(PROVIDED DATA)

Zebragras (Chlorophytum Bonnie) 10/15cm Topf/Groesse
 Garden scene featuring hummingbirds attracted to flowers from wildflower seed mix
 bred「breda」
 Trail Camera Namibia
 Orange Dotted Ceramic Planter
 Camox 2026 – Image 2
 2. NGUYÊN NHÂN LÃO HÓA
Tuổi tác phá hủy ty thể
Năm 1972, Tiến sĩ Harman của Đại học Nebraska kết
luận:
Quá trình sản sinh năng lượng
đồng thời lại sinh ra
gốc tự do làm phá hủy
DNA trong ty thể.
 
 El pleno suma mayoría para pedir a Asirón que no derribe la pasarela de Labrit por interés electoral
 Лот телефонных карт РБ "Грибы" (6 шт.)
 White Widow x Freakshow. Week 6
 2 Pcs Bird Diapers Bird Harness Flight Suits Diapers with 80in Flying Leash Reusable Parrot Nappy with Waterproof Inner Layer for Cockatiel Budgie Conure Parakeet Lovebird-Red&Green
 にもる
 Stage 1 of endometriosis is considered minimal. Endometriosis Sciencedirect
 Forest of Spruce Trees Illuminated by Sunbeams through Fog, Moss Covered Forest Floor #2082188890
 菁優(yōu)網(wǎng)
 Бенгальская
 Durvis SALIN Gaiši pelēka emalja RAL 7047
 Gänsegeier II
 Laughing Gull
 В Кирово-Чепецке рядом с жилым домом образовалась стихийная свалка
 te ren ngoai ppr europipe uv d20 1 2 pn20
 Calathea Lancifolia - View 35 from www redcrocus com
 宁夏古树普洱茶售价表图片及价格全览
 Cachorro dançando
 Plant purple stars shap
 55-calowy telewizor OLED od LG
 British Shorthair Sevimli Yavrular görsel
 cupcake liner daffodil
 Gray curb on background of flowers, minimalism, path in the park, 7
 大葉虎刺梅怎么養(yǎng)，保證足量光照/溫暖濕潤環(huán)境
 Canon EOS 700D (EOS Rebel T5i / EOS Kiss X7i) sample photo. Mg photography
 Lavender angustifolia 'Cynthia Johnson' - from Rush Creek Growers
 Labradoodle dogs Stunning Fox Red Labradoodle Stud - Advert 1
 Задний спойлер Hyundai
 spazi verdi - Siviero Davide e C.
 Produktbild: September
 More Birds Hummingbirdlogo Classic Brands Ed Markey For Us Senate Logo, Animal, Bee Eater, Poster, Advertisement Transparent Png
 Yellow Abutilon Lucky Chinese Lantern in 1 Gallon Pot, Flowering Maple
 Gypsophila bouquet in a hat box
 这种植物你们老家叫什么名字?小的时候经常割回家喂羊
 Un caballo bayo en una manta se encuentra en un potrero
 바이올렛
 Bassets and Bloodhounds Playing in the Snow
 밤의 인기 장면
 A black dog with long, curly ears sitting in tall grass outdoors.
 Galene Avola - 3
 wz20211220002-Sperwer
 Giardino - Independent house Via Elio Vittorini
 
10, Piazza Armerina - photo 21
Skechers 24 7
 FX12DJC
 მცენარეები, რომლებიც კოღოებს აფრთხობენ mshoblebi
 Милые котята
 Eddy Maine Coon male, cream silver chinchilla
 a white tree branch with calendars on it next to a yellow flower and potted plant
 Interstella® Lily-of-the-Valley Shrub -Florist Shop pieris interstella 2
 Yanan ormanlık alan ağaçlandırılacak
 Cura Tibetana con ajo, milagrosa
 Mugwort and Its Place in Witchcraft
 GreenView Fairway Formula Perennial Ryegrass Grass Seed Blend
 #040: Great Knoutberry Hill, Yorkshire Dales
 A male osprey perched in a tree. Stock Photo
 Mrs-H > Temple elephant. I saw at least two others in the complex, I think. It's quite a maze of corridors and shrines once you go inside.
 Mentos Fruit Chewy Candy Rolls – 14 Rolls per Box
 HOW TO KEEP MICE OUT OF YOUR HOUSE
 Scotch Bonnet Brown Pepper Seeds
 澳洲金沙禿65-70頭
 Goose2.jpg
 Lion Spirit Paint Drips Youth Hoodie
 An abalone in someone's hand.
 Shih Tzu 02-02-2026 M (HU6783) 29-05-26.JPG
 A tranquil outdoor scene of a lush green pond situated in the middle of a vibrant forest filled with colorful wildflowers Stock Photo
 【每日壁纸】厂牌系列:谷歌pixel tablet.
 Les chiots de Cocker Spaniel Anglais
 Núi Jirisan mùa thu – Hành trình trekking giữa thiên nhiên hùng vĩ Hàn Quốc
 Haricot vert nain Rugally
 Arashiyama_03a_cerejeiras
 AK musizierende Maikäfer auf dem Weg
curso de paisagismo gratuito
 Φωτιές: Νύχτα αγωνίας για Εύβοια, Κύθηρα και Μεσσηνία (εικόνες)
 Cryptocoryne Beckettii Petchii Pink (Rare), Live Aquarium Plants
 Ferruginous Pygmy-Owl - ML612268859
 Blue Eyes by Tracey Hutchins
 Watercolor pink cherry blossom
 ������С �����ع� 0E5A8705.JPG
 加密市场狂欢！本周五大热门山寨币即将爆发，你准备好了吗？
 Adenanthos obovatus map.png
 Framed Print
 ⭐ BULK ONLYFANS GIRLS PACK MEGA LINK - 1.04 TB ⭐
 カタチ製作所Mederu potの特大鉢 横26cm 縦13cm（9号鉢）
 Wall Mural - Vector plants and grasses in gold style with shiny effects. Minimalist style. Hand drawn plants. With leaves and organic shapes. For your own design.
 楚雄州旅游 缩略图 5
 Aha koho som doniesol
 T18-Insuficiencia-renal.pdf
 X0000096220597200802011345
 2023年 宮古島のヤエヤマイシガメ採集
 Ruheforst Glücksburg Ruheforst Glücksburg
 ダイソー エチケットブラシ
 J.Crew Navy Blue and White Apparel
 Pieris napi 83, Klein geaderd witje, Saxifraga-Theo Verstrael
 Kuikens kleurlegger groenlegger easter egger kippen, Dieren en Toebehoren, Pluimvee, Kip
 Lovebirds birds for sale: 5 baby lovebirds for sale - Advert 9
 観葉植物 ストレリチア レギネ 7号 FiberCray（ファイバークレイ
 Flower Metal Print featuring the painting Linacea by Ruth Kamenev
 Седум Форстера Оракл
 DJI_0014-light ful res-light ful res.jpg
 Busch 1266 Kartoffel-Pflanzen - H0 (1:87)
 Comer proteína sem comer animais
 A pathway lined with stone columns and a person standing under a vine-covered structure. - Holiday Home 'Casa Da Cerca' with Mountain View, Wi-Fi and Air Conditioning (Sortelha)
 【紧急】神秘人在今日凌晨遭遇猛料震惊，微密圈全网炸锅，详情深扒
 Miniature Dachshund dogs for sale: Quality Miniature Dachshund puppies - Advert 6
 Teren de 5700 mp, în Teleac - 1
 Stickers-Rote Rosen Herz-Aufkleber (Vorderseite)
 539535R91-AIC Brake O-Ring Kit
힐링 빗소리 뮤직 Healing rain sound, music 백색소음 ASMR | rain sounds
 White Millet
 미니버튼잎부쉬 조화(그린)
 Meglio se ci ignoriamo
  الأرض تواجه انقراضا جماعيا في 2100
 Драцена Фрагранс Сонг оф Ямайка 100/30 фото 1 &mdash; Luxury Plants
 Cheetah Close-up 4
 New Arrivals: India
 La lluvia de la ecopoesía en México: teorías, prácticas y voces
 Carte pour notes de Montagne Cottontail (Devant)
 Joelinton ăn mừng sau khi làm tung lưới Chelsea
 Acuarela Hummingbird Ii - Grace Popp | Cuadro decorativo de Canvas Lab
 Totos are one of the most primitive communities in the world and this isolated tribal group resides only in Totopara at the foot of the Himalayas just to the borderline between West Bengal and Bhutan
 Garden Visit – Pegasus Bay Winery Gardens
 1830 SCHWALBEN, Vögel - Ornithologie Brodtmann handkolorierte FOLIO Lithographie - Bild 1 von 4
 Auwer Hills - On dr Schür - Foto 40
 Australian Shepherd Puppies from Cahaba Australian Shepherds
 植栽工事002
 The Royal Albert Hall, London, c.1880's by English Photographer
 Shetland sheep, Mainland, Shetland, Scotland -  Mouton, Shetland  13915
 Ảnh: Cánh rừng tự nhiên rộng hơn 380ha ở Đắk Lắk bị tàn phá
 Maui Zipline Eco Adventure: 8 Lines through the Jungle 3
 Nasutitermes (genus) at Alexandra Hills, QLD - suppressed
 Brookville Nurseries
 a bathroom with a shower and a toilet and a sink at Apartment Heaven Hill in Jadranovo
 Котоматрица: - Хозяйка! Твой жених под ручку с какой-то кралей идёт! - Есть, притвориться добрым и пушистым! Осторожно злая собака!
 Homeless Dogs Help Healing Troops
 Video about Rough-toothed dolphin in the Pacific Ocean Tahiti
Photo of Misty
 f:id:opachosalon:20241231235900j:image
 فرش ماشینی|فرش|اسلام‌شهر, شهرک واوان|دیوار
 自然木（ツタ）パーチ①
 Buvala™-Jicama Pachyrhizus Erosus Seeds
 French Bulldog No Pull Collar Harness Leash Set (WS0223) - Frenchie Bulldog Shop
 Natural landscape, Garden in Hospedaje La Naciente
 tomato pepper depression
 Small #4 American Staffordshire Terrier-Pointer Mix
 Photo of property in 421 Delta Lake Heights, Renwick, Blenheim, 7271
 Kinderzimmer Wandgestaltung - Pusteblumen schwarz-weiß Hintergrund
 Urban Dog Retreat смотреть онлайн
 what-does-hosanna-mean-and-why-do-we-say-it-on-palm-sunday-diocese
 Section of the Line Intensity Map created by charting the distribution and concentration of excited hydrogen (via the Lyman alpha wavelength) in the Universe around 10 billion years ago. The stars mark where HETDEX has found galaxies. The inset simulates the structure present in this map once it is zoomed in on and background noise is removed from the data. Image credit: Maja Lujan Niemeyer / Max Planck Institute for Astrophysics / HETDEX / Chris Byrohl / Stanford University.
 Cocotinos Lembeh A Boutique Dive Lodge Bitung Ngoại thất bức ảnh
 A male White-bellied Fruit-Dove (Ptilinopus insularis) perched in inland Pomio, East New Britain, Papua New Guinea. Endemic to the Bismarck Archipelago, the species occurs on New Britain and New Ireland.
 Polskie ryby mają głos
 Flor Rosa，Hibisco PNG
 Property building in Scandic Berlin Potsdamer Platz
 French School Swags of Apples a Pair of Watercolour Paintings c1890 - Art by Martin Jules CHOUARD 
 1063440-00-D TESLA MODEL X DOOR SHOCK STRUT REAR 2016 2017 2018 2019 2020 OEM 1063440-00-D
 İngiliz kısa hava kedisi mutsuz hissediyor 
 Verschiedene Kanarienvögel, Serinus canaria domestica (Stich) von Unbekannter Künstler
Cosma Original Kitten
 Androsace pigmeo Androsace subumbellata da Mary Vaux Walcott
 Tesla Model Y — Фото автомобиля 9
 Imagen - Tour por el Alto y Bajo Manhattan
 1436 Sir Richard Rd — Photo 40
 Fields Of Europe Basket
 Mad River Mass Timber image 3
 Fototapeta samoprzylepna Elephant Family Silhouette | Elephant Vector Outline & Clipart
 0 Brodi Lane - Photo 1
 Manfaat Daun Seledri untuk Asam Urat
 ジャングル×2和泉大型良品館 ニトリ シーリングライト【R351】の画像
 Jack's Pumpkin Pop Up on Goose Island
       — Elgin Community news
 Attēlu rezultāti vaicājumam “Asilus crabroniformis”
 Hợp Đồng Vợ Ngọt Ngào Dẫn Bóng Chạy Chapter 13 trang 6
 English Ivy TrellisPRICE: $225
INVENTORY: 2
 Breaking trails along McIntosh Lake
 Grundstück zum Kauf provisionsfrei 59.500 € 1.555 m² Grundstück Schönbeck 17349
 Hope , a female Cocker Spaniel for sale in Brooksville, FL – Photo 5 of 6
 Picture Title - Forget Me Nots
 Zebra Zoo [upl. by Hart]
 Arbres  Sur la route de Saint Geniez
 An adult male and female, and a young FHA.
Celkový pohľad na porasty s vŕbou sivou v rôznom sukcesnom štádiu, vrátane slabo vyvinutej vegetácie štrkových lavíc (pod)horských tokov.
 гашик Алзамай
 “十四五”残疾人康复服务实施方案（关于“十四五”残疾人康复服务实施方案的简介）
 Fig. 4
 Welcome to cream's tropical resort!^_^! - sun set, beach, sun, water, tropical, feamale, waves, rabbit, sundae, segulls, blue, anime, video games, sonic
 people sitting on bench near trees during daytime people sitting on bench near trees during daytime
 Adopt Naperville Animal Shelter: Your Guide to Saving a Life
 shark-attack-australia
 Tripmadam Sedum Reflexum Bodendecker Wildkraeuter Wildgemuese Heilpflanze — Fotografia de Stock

(End PROVIDED DATA)

-- EXERCISE AIM --
Reproduce exactly the lines above from the line with "Plant purple stars shap" to the line with "Les chiots de Cocker Spaniel Anglais", including both, and add nothing.

-- RESULT FOR THIS TASK --
 Plant purple stars shap
 55-calowy telewizor OLED od LG
 British Shorthair Sevimli Yavrular görsel
 cupcake liner daffodil
 Gray curb on background of flowers, minimalism, path in the park, 7
 大葉虎刺梅怎么養(yǎng)，保證足量光照/溫暖濕潤環(huán)境
 Canon EOS 700D (EOS Rebel T5i / EOS Kiss X7i) sample photo. Mg photography
 Lavender angustifolia 'Cynthia Johnson' - from Rush Creek Growers
 Labradoodle dogs Stunning Fox Red Labradoodle Stud - Advert 1
 Задний спойлер Hyundai
 spazi verdi - Siviero Davide e C.
 Produktbild: September
 More Birds Hummingbirdlogo Classic Brands Ed Markey For Us Senate Logo, Animal, Bee Eater, Poster, Advertisement Transparent Png
 Yellow Abutilon Lucky Chinese Lantern in 1 Gallon Pot, Flowering Maple
 Gypsophila bouquet in a hat box
 这种植物你们老家叫什么名字?小的时候经常割回家喂羊
 Un caballo bayo en una manta se encuentra en un potrero
 바이올렛
 Bassets and Bloodhounds Playing in the Snow
 밤의 인기 장면
 A black dog with long, curly ears sitting in tall grass outdoors.
 Galene Avola - 3
 wz20211220002-Sperwer
 Giardino - Independent house Via Elio Vittorini
 
10, Piazza Armerina - photo 21
Skechers 24 7
 FX12DJC
 მცენარეები, რომლებიც კოღოებს აფრთხობენ mshoblebi
 Милые котята
 Eddy Maine Coon male, cream silver chinchilla
 a white tree branch with calendars on it next to a yellow flower and potted plant
 Interstella® Lily-of-the-Valley Shrub -Florist Shop pieris interstella 2
 Yanan ormanlık alan ağaçlandırılacak
 Cura Tibetana con ajo, milagrosa
 Mugwort and Its Place in Witchcraft
 GreenView Fairway Formula Perennial Ryegrass Grass Seed Blend
 #040: Great Knoutberry Hill, Yorkshire Dales
 A male osprey perched in a tree. Stock Photo
 Mrs-H > Temple elephant. I saw at least two others in the complex, I think. It's quite a maze of corridors and shrines once you go inside.
 Mentos Fruit Chewy Candy Rolls – 14 Rolls per Box
 HOW TO KEEP MICE OUT OF YOUR HOUSE
 Scotch Bonnet Brown Pepper Seeds
 澳洲金沙禿65-70頭
 Goose2.jpg
 Lion Spirit Paint Drips Youth Hoodie
 An abalone in someone's hand.
 Shih Tzu 02-02-2026 M (HU6783) 29-05-26.JPG
 A tranquil outdoor scene of a lush green pond situated in the middle of a vibrant forest filled with colorful wildflowers Stock Photo
 【每日壁纸】厂牌系列:谷歌pixel tablet.
 Les chiots de Cocker Spaniel Anglais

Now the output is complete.